Ever wonder how to show views on your website? You are in luck, this post will cover all the technical details that you need to get it started. The simplest way to show how many views this post has is to have a count that got increment it every time when there is a visit. Sounds good and all until, someone kept refreshing the same page to max out the number. Now, this person would be thinking, we just need some unique identifier to identify this person, for example, IP address and then we would only counts them as one although, they kept on refreshing the same page. But, here comes another problem, with the same WiFi router, every user who connects to the WiFi would get assigned the same external IP address. These people are distinct, they should not be counted as just one. This is just incorrect. Now, some other people might suggest that why not just assign a cookie to them. In this way, we know if it is the exact same person. For example, we check if the person’s browser has the cookie assign, if no cookie is assign, we know this is a new person. If there is one, we know it is a returning customer. But, here comes two problem, cookie can be deleted, a person can potentially comes to the site, delete the cookie, returns back, we would think that this person is new. Another problem is that, if the same person comes to the site today, a week later, he/she comes back. Does that count as 2 views for the same person? How long should the time be between each visit from the same person in order to count as 2 views? People might have different opinions on this and to be honest, there is no right or wrong answer here. What we are trying to show you is that, this (show views) might seem simple but it is actually not an easy problem to solve. Let me give you another example, how does YouTube accurately count the views of the video. To be honest, I don’t know. But, I would bet that it is a complex one. There is a saying that we should avoid “Reinventing the Wheel”, which is what we are doing, using Google Analytics to show views to the users. We bet that many people are already using the Google Analytics, why not leverage it. In this post, we will show you in detail how we show views on our website and feel free to use it in your own website.

Here is the short version of how we do it, in a nutshell, we check out the site’s sitemap.xml to get the list of blog posts, call the Google’s Core Reporting API to get views for each post, store it as JSON and then simply upload the file to Azure Blob Storage. And, of course, we need to do this once a day. (To keep the data fresh with one day old data) The scheduling part is done through cron job. In the front end, we simply call the API to get the static JSON from Azure Blob Storage and show it to user. And that is it. (Should be do-able with one breath haha)

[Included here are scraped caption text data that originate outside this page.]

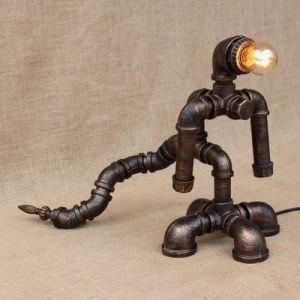 Modern Black Workroom Art Deco Robot Table Lamp E27 Shine Desk Light Sconce for Study Bedroom Bedside Workshop Office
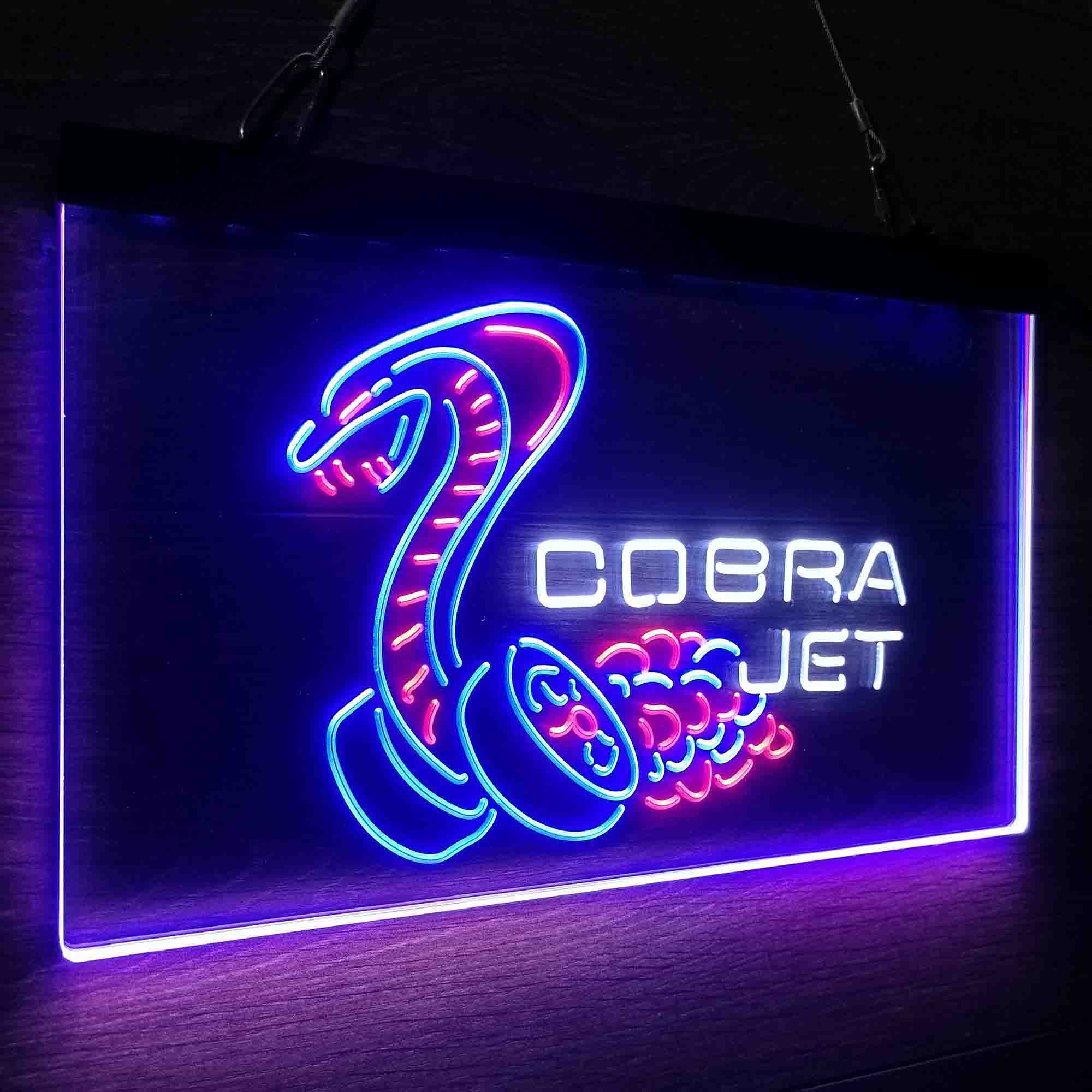 Cobra Jet Car Neon LED Sign 3 Colors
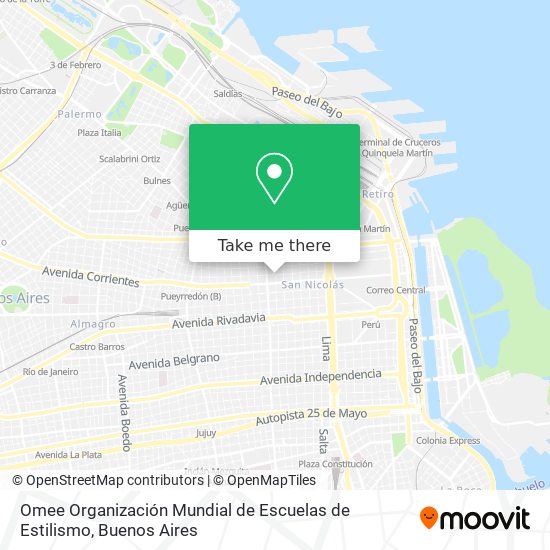 Omee Organización Mundial de Escuelas de Estilismo map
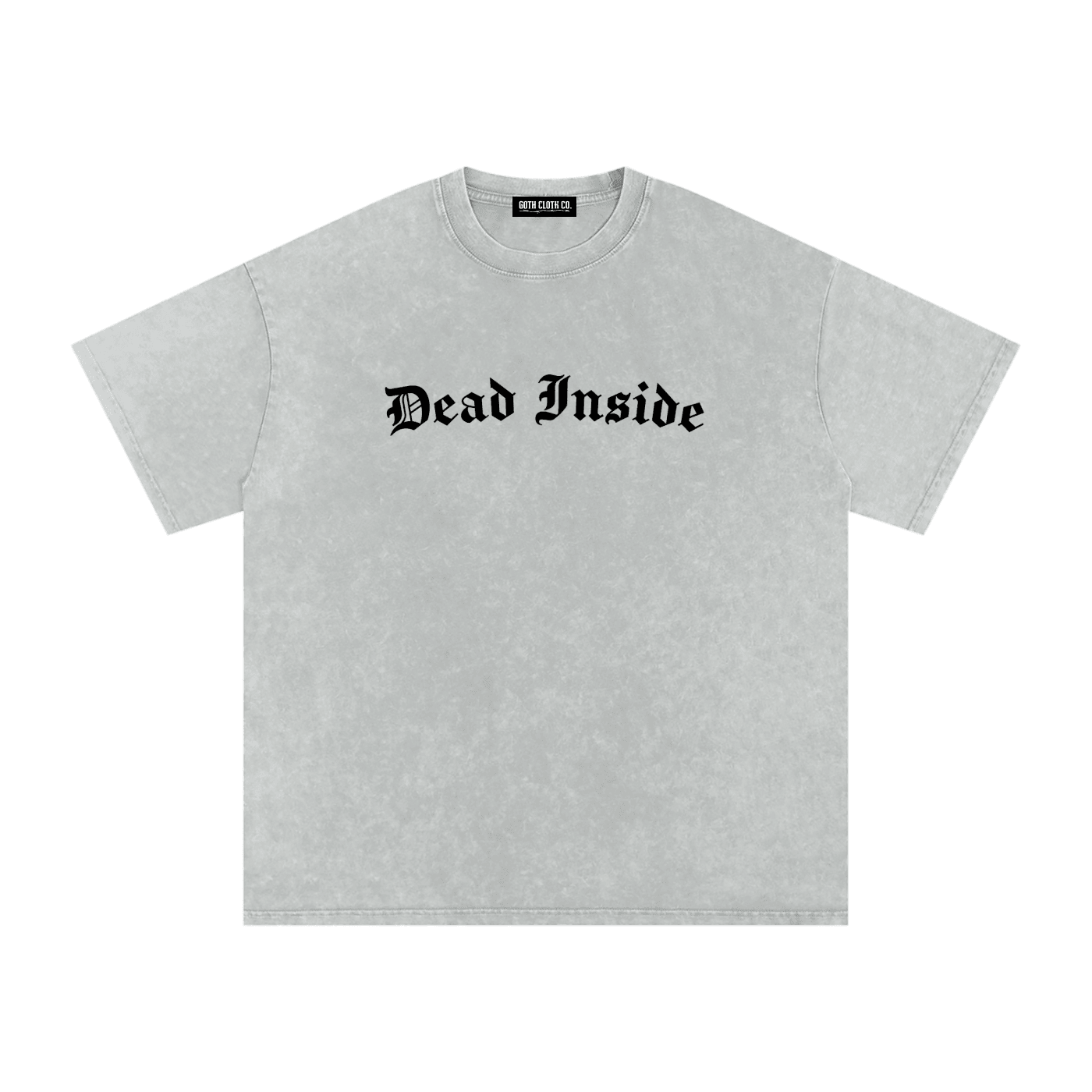 Dead Inside Acid Wash T-Shirt - Goth Cloth Co.gymwear260813PODPQ0720007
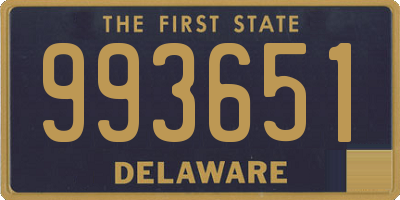 DE license plate 993651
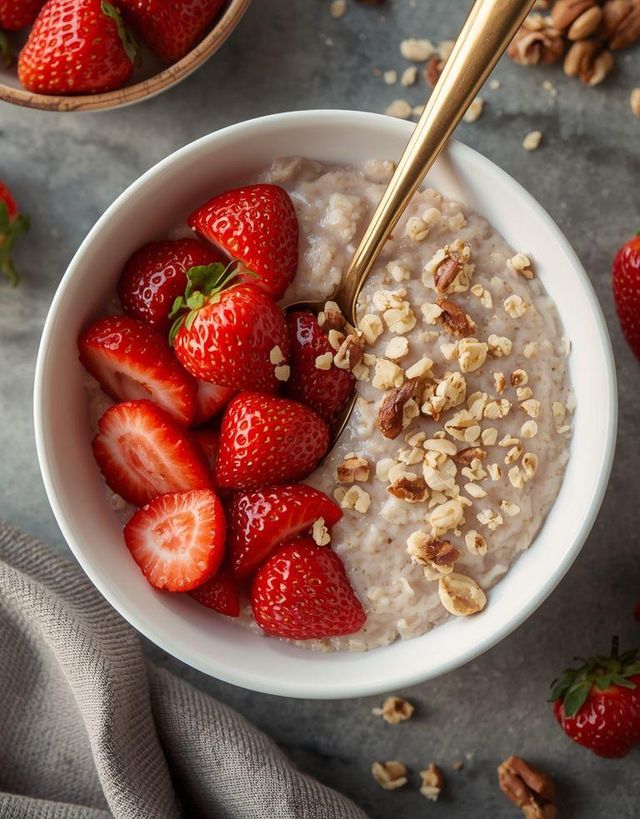 Strawberry-Nut Oatmeal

Here is the long version of how we do it, let’s break it down to few parts

Note: In the following example, we will be using the programming language, Python as it is one of the best scripting language,

Before we start with coding, these are some of the config you need to set/get in order to continue,

config = {}

config['absolute_path_to_this_project'] = 'absolutePathToThisProject'
config['json_file_name'] = "fileName.json"

# XML
config['xml_url'] = 'urlToYourXml'
config['xml_file_name'] = 'yourFileName'

# Google's Core Reporting API
config['client_secret_file_name'] = 'yourFileName.json'
config['views_start_date'] = 'views_start_date' # 2020-01-01
config['views_end_date'] = 'views_end_date' # 2020-02-01

# Azure Portal
config['account_name'] = 'azureAccountName'
config['account_key'] = 'azureAccountKey'

# Azure Blob Storage
config['container_name'] = 'containerName'

source code hosted on GitHub

Get the list of blog posts url from site’s sitemap.xml

We will be consistenly adding new blog posts, it doesn’t make sense to hard code this value, we should make it dynamic and simply grab it from the sitemap.xml as we know it is the source of truth. (If you do not have a sitemap.xml, we strongly recommand you to have one as it helps the search engine to be able to index your pages)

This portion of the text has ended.